Task statement: Find "Naisten Valkoiset Polyesteriset" in the material, then return exactly the line containing it and all lines after it to the end, leaving out pictures.

Provided material:
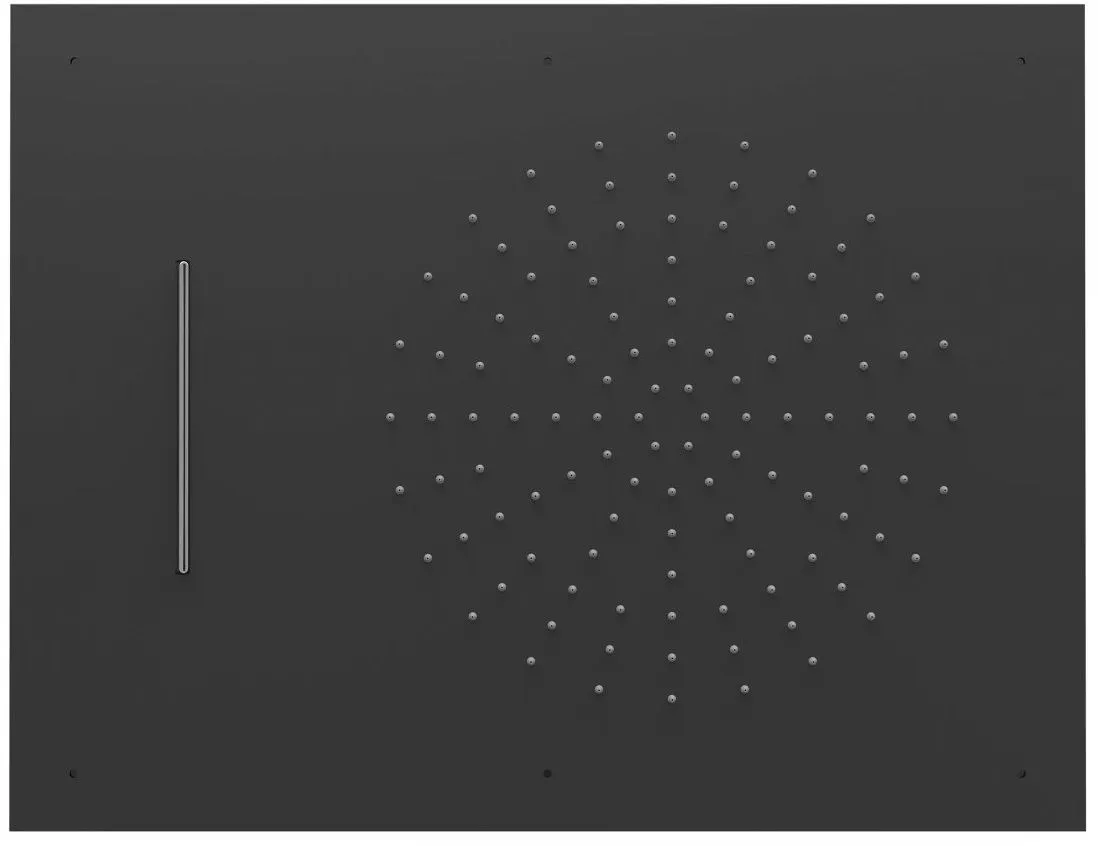 Верхний душ Tres  2 800Х500 29997001NM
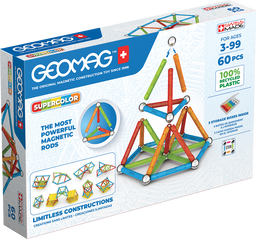 Obrázek produktu: Geomag Supercolor Recycled 60 ks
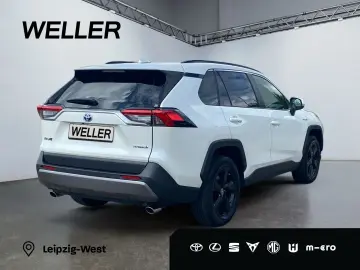 RAV 4 VVT-i EU6d-T 2.5 Hybrid Club*4x4*NAVI*ACC*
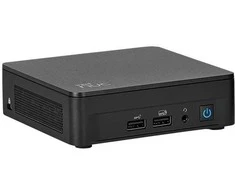 ASUS NUC 13 Pro Kit NUC13ANKi7, Core i7-1360P Processor, 4xUSB, M.2 22x80 NVMe; 22x42 SATA, 2,5Gbe LAN, 2xHDMI, 2x Thunderbolt 4 (USB-C+DP), no cord, single unit, EAN:5032037267465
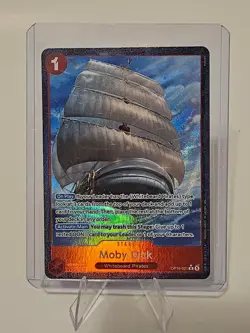 Moby Dick Alt Art OP16-021 One Piece TCG English The Time of Battle - Image 1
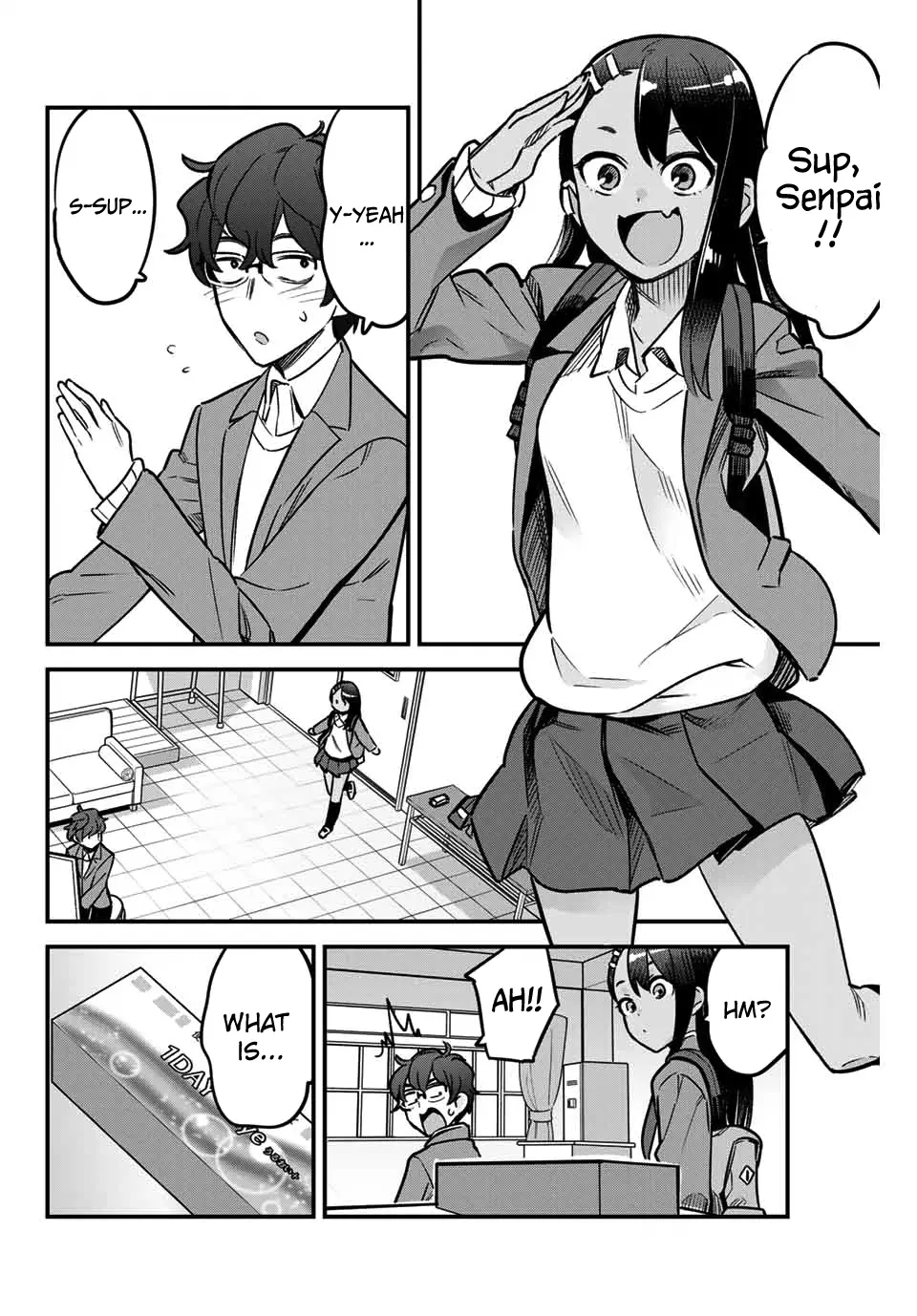 Manga page 2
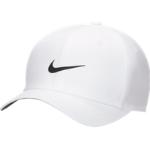 Naisten Valkoiset Polyesteriset Nike Dri-Fit Kestävän muodin Snapback-lippikset alennuksella 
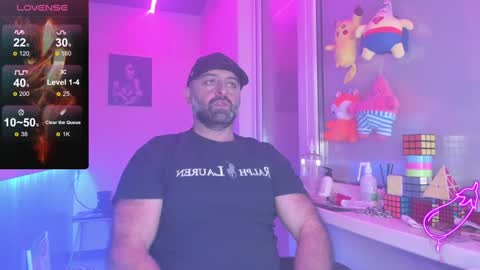 Magabear online show from 01-26-25, 03:25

Answer to this exercise:
 Naisten Valkoiset Polyesteriset Nike Dri-Fit Kestävän muodin Snapback-lippikset alennuksella 
 Magabear online show from 01-26-25, 03:25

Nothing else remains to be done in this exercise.